Opposites attract, or so the saying goes. You might be type A and dating someone who’s super laid back, or maybe you’re an uber-organized person in a relationship with someone who loses their keys every day.

Different personality types can learn to get along, but can you still be compatible if your partner is HIV-positive and you’re HIV-negative?

These types of partnerships, called serodiscordant relationships, can feel scary for the person without HIV (“Will I get the virus from my partner?”) and stressful for the person with HIV (“Could I pass it to my partner?”). And any plans to have children can bring a whole other level of worry into the mix.

Years ago, serodiscordant relationships could have unwanted effects. Back then, the chance of passing the virus to an HIV-negative partner was high. But things have changed a lot.

With new HIV drugs to keep virus levels undetectable and preexposure prophylaxis (PrEP) to protect against transmission, two partners don’t need to have the same HIV status.

If you’re in a serodiscordant relationship or getting ready to start one, here’s what you need to know to protect yourself and your partner.

A serodiscordant couple is one in which one partner is HIV-positive and the other is HIV-negative.

“Sero,” as in your “serostatus,” refers to whether you have antibodies to HIV on a blood test. Someone who’s seropositive has them, while someone who’s seronegative doesn’t. “Discordant” means your serostatus is not the same as your partner’s.
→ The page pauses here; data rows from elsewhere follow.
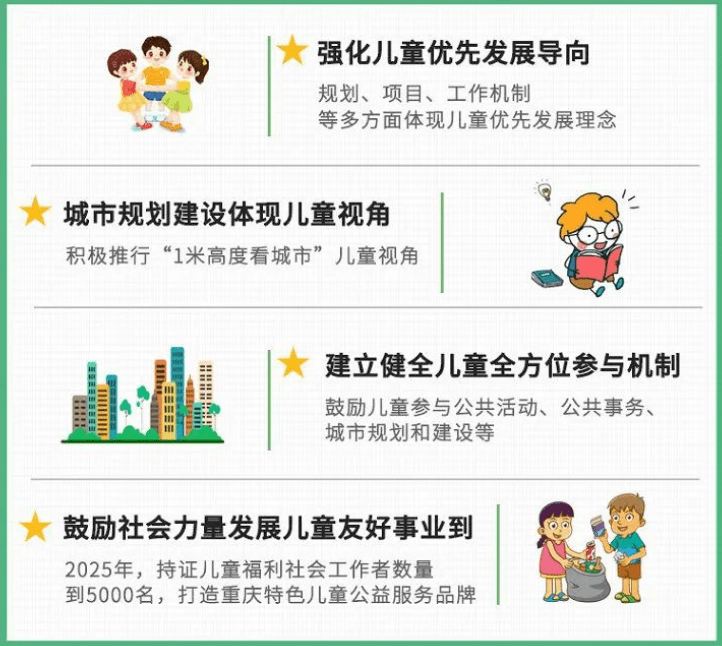 儿童友好型社区如何建?天骄智慧服务给出了答案!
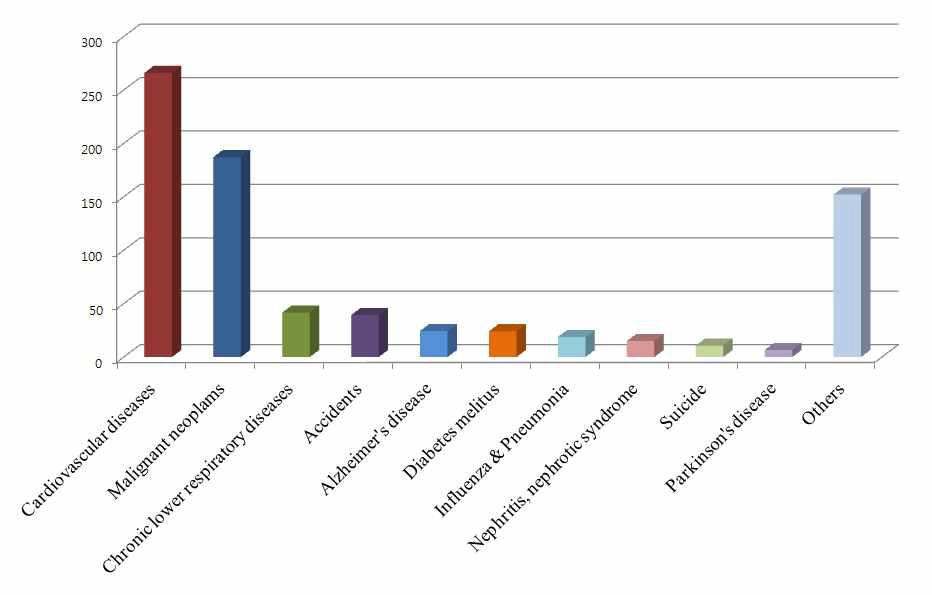 Top leading cause of death in 2006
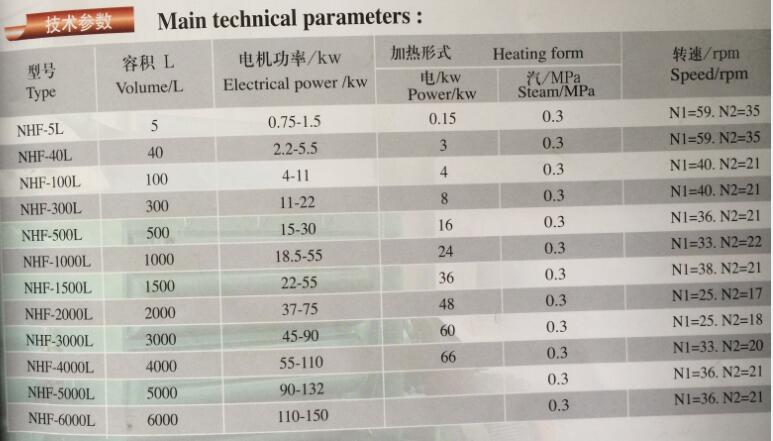 液壓翻缸捏合機3.jpg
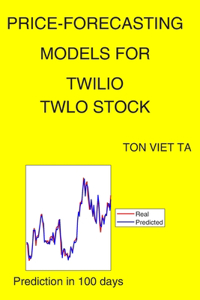 Price-Forecasting Models for Twilio TWLO Stock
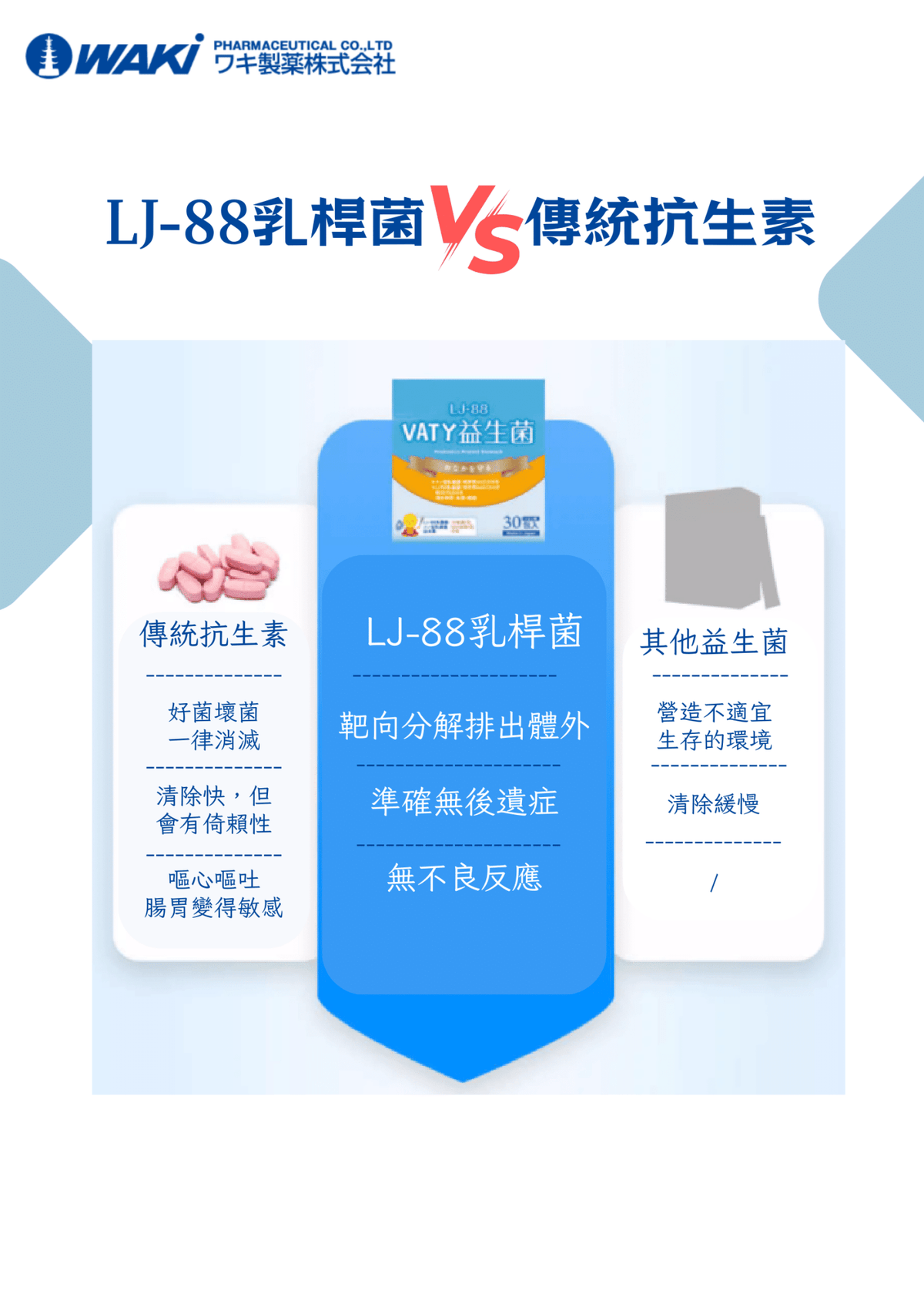VATY LJ88抗幽益生菌營養補充劑，助排幽門螺桿菌、養護腸胃、調節免疫、改善便秘、促進腸道健康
Other terms for serodiscordant couples are:

  • mixed status
  • positive-negative
  • sero-divergent

Any couple in which one partner has HIV and the other doesn’t — regardless of the partners’ sex, gender, or orientation — is serodiscordant. Marital status doesn’t change things. The only thing that matters is that you have sex with your partner somewhat regularly.

If you don’t know your partner’s HIV status or your own, now is a good time for both of you to get tested. Once you know, you can take steps to avoid transmission, if necessary.
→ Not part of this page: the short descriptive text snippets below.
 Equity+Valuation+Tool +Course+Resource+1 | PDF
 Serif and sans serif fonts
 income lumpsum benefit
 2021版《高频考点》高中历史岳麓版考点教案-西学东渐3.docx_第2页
“Undetectable” means the amount of HIV in your partner’s blood is so low that it doesn’t show up on blood tests. The way to get to undetectable status is to take daily antiretroviral therapy (ART).
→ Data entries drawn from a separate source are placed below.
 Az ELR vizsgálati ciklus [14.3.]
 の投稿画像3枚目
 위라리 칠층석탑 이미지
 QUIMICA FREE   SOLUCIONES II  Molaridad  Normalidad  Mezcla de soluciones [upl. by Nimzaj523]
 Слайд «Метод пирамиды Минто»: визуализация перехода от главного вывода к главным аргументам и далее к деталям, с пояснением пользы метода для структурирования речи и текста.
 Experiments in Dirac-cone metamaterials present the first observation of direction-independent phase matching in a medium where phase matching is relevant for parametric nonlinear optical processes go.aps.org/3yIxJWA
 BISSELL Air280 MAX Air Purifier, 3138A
If your partner’s viral load stays undetectable, there’s practically zero chance that they’ll pass the virus to you. When a person with HIV takes ART, their chance of transmitting HIV to their partner through vaginal or anal sex is close to zero. It’s not impossible, but it’s not very likely to happen.

Of course, your partner has to take the medication every day for it to work. If you’re not sure how consistently they take it, it never hurts to use a barrier method, such as a condom, just in case.

That depends.

If your partner has been on ART for a while and their viral load is undetectable, then you probably don’t need to take a daily pill yourself. But if your partner just started taking ART or you don’t know how regularly they take it, PrEP could be good insurance against transmission.

HIV shouldn’t stop you and your partner from having children. But you will need to think about how you approach the pregnancy.

A pregnant person with HIV can pass the virus to their newborn at any point in the pregnancy. If the person is not taking ART, the chance of this happening is around 30%. But if they take ART, that number drops to just 2%.

If the partner assigned male at birth is the one with HIV, one option is to use a sperm donor. There’s also a technique called “sperm washing,” which separates the sperm from the semen (where the HIV is) to prevent the virus from passing to the baby.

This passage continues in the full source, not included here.